What the task requires :: Repeat the data that follows exactly, starting at the line with "Genuine 14K Rose" and ending at the line with "Polo skjorte BOSS", and leave out every picture.
Input records: Begin
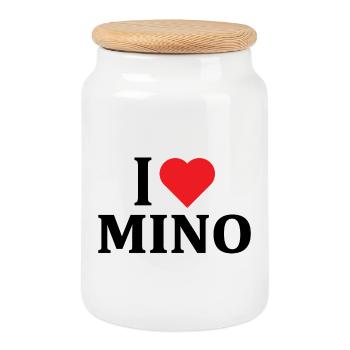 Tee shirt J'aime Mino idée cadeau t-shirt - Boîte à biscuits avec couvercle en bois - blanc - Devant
Input records: End
Input records: Begin
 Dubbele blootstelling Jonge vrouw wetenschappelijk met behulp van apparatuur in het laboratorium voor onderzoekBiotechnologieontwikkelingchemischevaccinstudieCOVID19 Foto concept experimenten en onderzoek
Input records: End
Input records: Begin
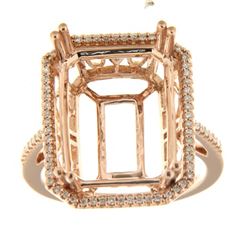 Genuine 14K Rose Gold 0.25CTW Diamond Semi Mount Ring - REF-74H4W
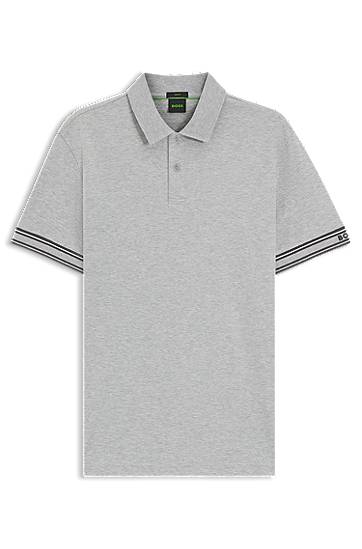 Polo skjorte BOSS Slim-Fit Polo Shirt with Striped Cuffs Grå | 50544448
Input records: End
Result of this task ::
 Genuine 14K Rose Gold 0.25CTW Diamond Semi Mount Ring - REF-74H4W
 Polo skjorte BOSS Slim-Fit Polo Shirt with Striped Cuffs Grå | 50544448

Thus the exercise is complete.